--- Dataset excerpt ---
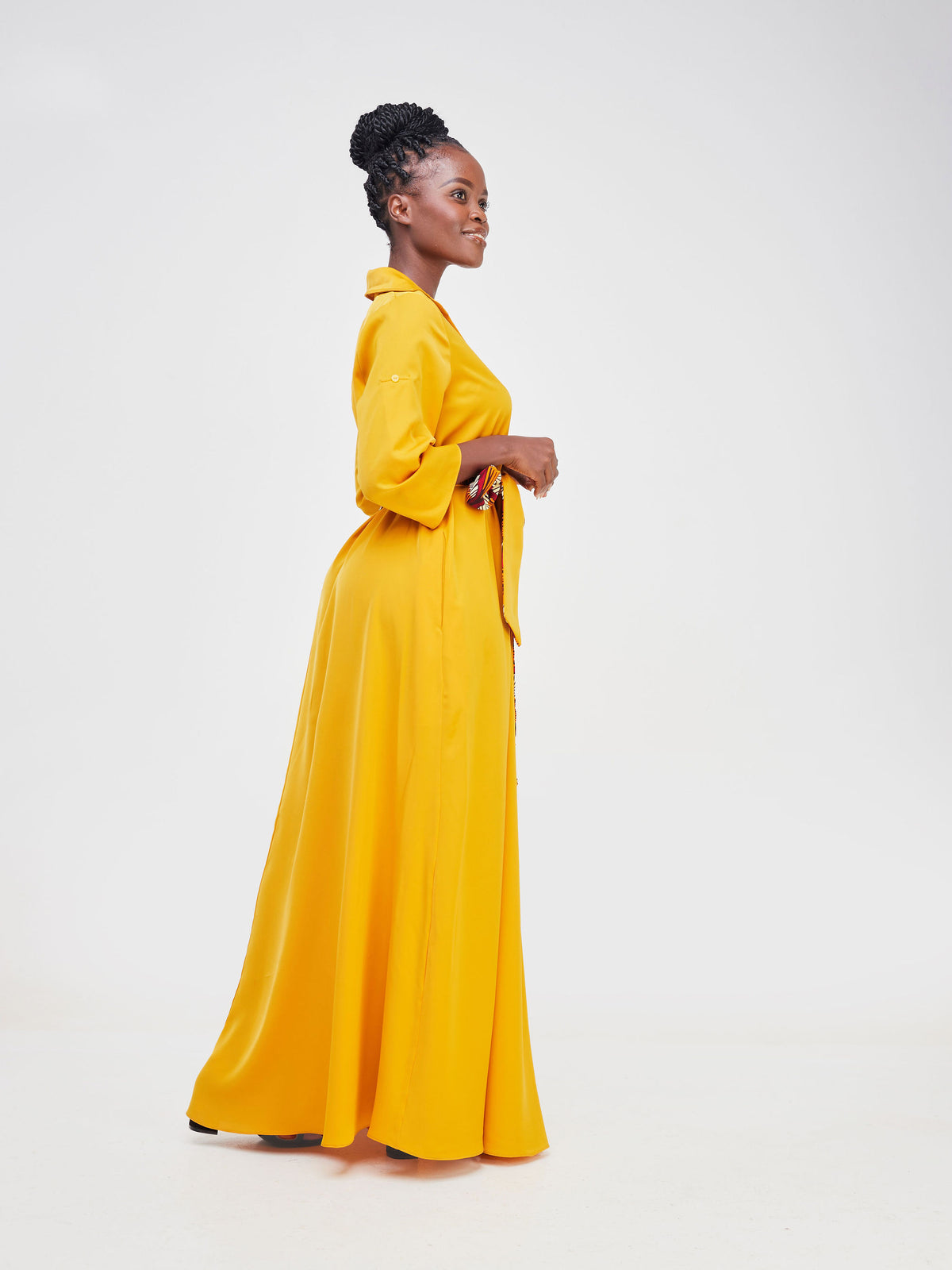 Vivo Thando Mock Neck Maxi Dress - White / Taupe Aria Print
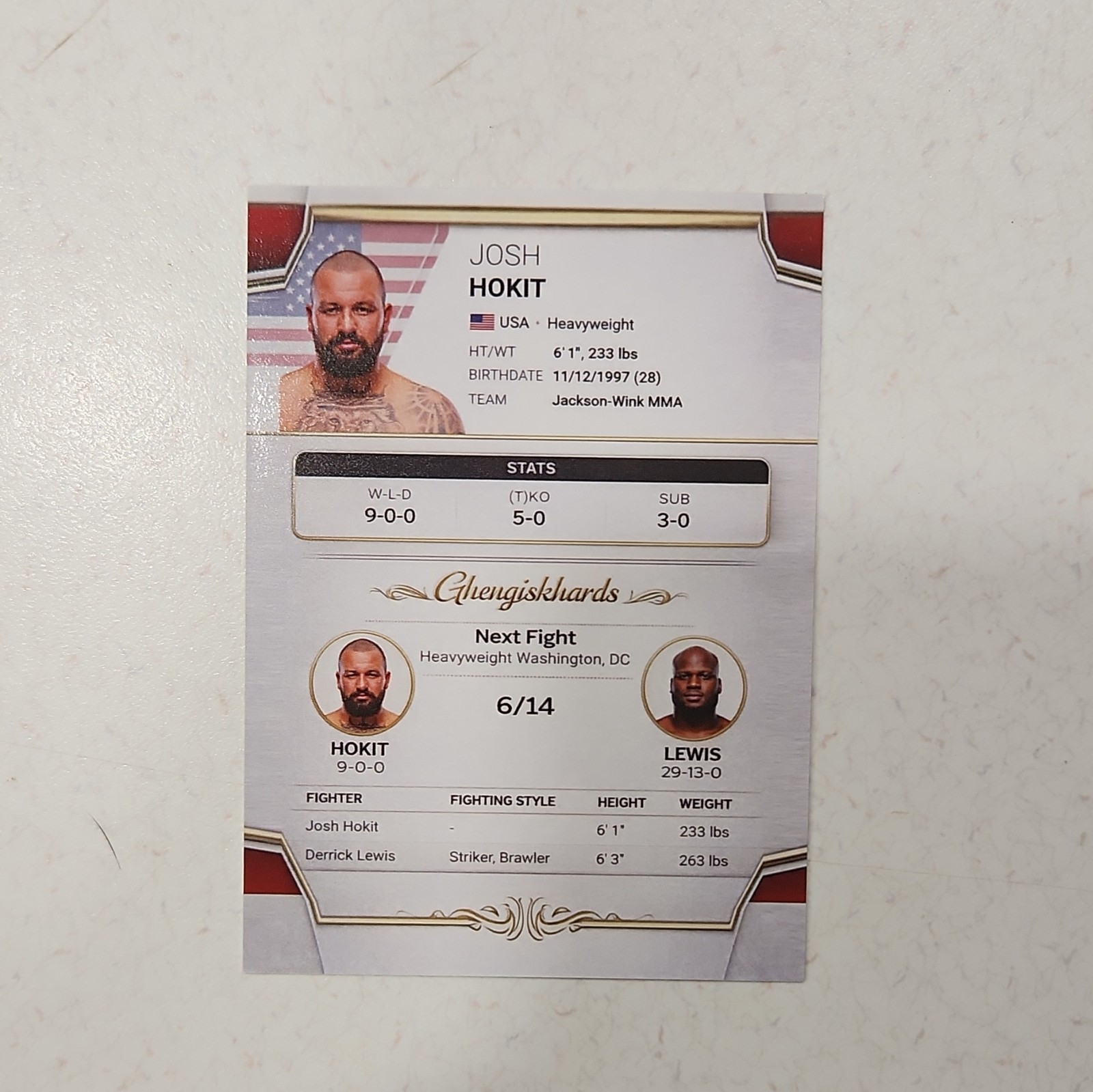 Josh Hokit Heavyweight Mixed Martial Arts Custom Trading Card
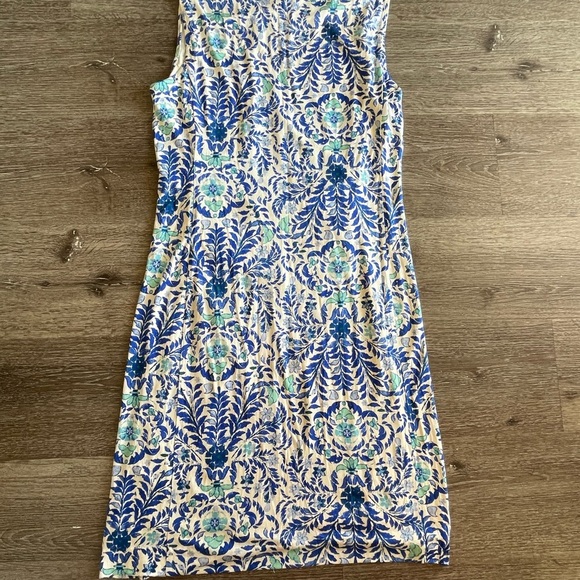 Tory Burch Blue and Cream Floral Midi Dress - Picture 5 of 5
---
Task goal - A word-for-word copy of the listing is the goal; keep every picture out of it.

Exercise result -
 Vivo Thando Mock Neck Maxi Dress - White / Taupe Aria Print
 Josh Hokit Heavyweight Mixed Martial Arts Custom Trading Card
 Tory Burch Blue and Cream Floral Midi Dress - Picture 5 of 5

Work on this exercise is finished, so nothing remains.